I assume you realize it's not that I don't appreciate having you doing all
this work but I think it would be a good exercise for us to go through do
once. (And you certainly deserve a break!)
--
Gregory Stark
EnterpriseDB http://www.enterprisedb.com
Ask me about EnterpriseDB's 24x7 Postgres support!
On Mon, 14 Apr 2008 21:12:59 +0100
Gregory Stark <stark@enterprisedb.com> wrote:
I assume you realize it's not that I don't appreciate having you
doing all this work but I think it would be a good exercise for us to
go through do once. (And you certainly deserve a break!)

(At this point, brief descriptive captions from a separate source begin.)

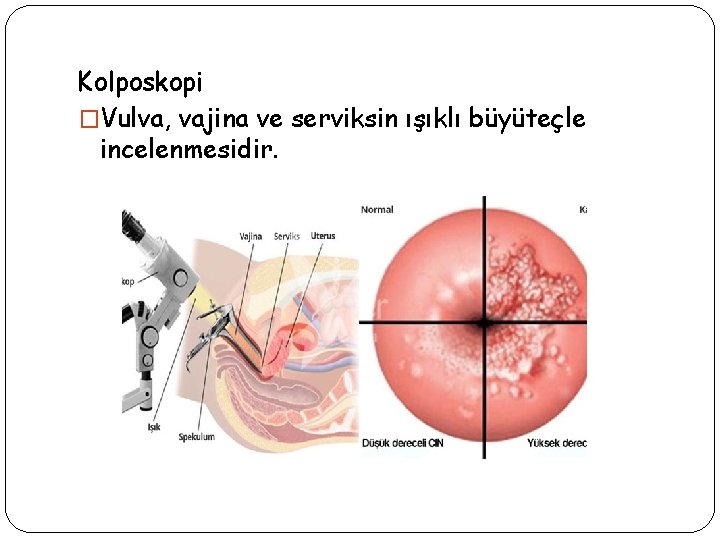 Kolposkopi �Vulva, vajina ve serviksin ışıklı büyüteçle incelenmesidir. 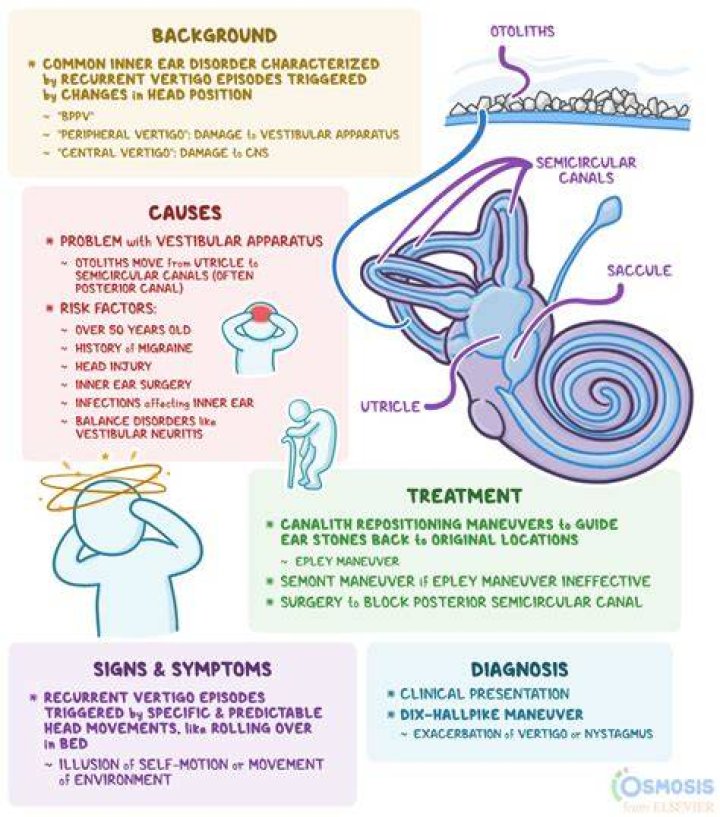 Can vertigo cause hoarseness?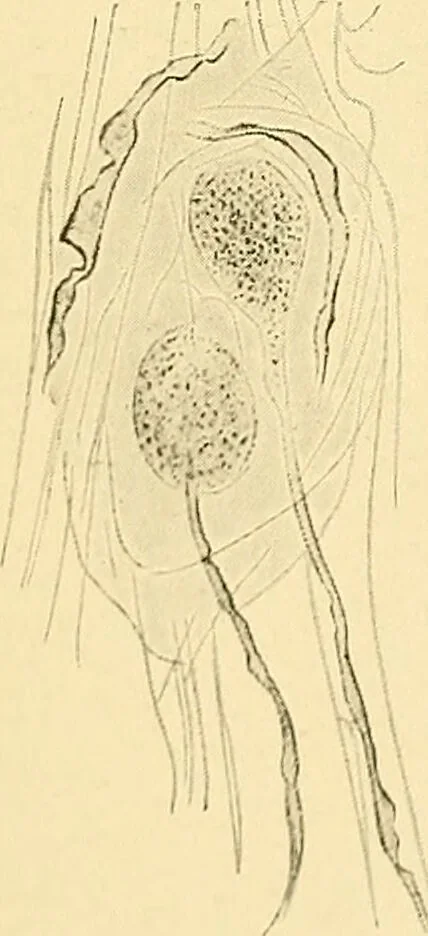 An illustration from A text-book of pathology for students of medicine / by J. George Adami and John McCrae ; illustrated with 304 engravings and 11 colored plates., 1912, leaf 256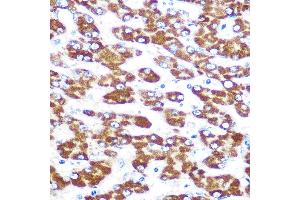 Immunohistochemistry of paraffin-embedded human liver using IDO1 Rabbit mAb (ABIN7267863) at dilution of 1:100 (40x lens). (IDO1 antibody)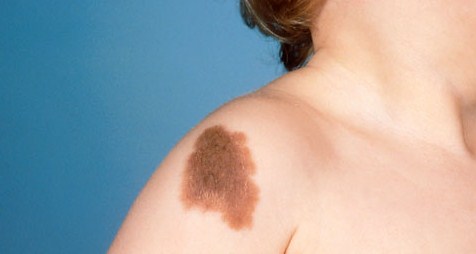 Why do people have birthmarks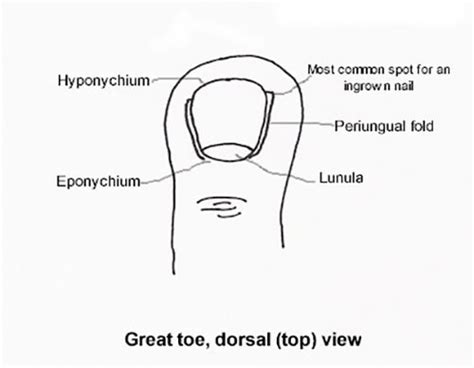 Toe Nail Injuries | Causes and treatment options | MyFootShop.com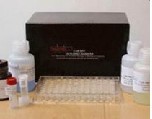 Rabbit cyanocobalamin (Vitamin B12) ELISA kit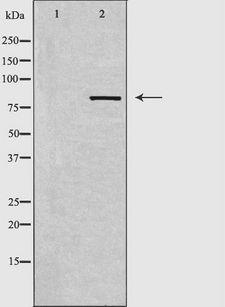 DCLK2 / DCAMKL2 Antibody - Western blot analysis of extracts of HepG2 cells using DCLK2 antibody. The lane on the left is treated with the antigen-specific peptide.
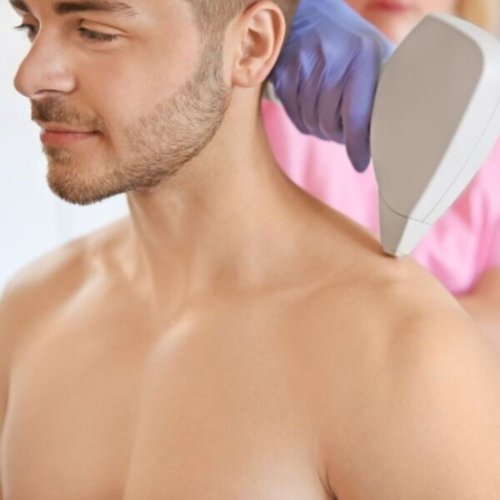 LASER αποτρίχωση ώμοι 3+1 συνεδρίες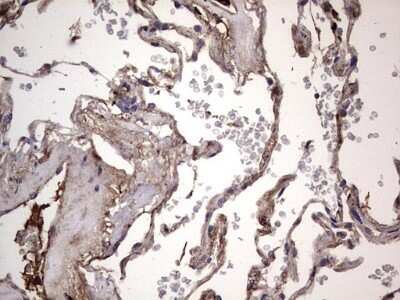 Immunohistochemistry: Fibronectin Antibody (OTI5C1) - Azide and BSA Free [NBP2-70762]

Although I applaud the sentiment I think a more reasonable approach
would be (if Tom wanted) to have Tom pick 3-5 patches (or whatever) that
are his deal. That's it. No extra bubble activities for you. Except for
Buddha level oversight the rest falls on the rest of the community.
It isn't like we don't have at least 6 major contributors that can do
patch review... Alvaro, Greg, Neil, AndrewD, Heikki, and Magnus ... Not
to mention a slew of others who can at least lend a hand.
Sincerely,
Joshua D. Drake
--
The PostgreSQL Company since 1997: http://www.commandprompt.com/
PostgreSQL Community Conference: http://www.postgresqlconference.org/
United States PostgreSQL Association: http://www.postgresql.us/
Donate to the PostgreSQL Project: http://www.postgresql.org/about/donate
Bruce Momjian <bruce@momjian.us> writes:
Tom Lane wrote:
No, changing that wasn't what I meant to suggest. My point here is that
we'd dropped a number of big mushy discussions into the queue with the
idea that they'd be re-opened during commit fest, but new discussion
did not happen to any useful extent. Conclusion: don't bother putting
anything less concrete than a patch on the fest queue.
So when/how do those discussions get resolved?
[ shrug... ] You can't force ideas to happen on a schedule.
If you don't want an issue to get forgotten, then make a TODO entry for
it. But the purpose of commit fest is to make sure we deal with things
that can be dealt with in a timely fashion. It's not going to cause
solutions to unsolved problems to appear from nowhere.